The New Battle for Hearts and Minds Begins

As the debris from the dot-com carnage settles, wireless offers another wave of boundless promise. But don't hail the conquering heroes yet -- not without first heeding a few recommendations, anyway.

As the debris from the dot-com carnage settles, the potential of wireless devices seems suddenly so clear. Wireless, m-business, and the mobile Internet race toward us, offering another wave of boundless promise for marketers, VCs, and entrepreneurs of all ages.

This Time We’ll Get It Right

What’s even better is that we’ve all been here before. We’ve accumulated years of experience with evolving technologies and consumer-controlled media. The consumer appeal of wireless devices (cell phones, PDAs, pagers) has already been proven here in the U.S. and even more resoundingly in other technologically advanced societies. We have permission to skip right over early Internet marketing’s Hesitancy and Doubt Stage.

We might even begin to relax as we recognize the mobile marketing model seems so similar to traditional direct mail. This is one-to-one marketing — taken several steps beyond ZIP code. Now we have individuals wherever they are, and we have the capability of knowing exactly where where is. This beats just dropping some mail on the dining room table or loading up the phone banks. Better, yet close enough to traditional marketing to quell the nausea of needing to rethink our models one more time with feeling, and no ROI.

Integrating wireless into our marketing programs and media plans won’t undermine the No. 1 moneymaker: TV. We can recommend wireless as a tactical, promotional adjunct to the core brand message with a clear conscience. The type of message and format offer no competition to the big box in the middle of the living room and the revenue streams it feeds.

So after we push aside some concerns with satellite versus cell and other minor bumps that will undoubtedly appear in the technology road, we can sit back and smile. And maybe that is the promise of wireless for marketers: the reassurance that everything new is old again.

Key Words: Adage, History, Ignore, Doomed, Repeat

Unfortunately, all of these assumptions about wireless are overshadowed by the one undisputed truth learned on the battlefields of the Internet Revolution: Nothing will be the same again, ever.

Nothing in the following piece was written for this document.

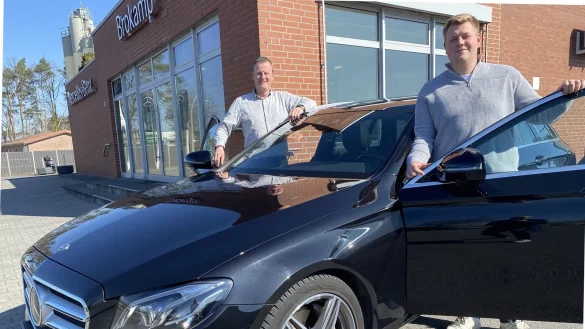 Inhaber Bernd Brokamp (l.) und sein Nachfolger Nils Tönnemann freuen sich, dass die Übergabe von Mercedes-Brokamp in Harsewinkel im Kreis Gütersloph geregelt ist. - © Markus Voss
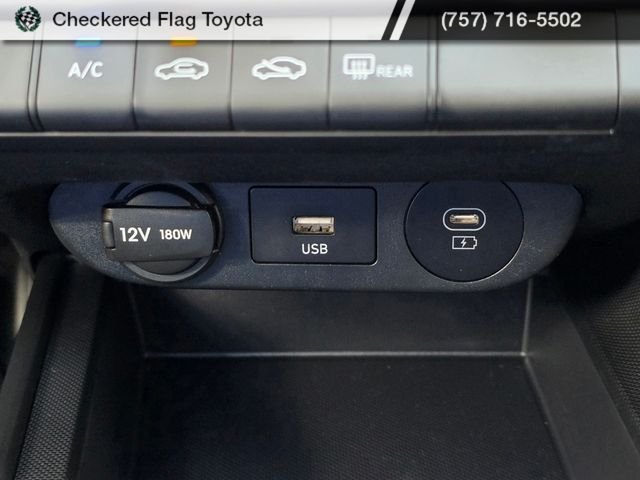 Used 2025 Abyss Black Hyundai SE image 22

Nowhere is this more apparent than in consumers’ changing attitudes toward media, most particularly in their attitudes toward those wireless devices we marketers are plotting to infiltrate.

It doesn’t take a month of focus groups to know that the average American consumer is overstimulated, sleep deprived, and time starved — and hates advertising anywhere and everywhere. If you do take the time to do the nights of staring through that one-way glass, you can also find out the role wireless devices and the Internet play in helping these same consumers get through their over-scheduled lives.

Consumers across target groups know that all the technology attached to their lives is now a necessity. They are technology dependent because their lifestyles require it, for better or worse. And while we can argue whether the technology created these lifestyles or just makes them bearable, the point remains clear: Cell phones, pagers, and increasingly PDAs are tools for living.

This makes the implications for inserting advertising into these personal necessities huge. Go ahead and tell consumers that advertising is coming to the cell phones on their hips or the PDAs in their briefcases. Guaranteed the reaction will be nothing short of primal. Even when told about or shown a value-added message, the very suggestion invokes battle cries: Not here! Not my phone! Invading consumers’ PDAs and cell phones could be as bloody as those first 24 minutes of “Saving Private Ryan.”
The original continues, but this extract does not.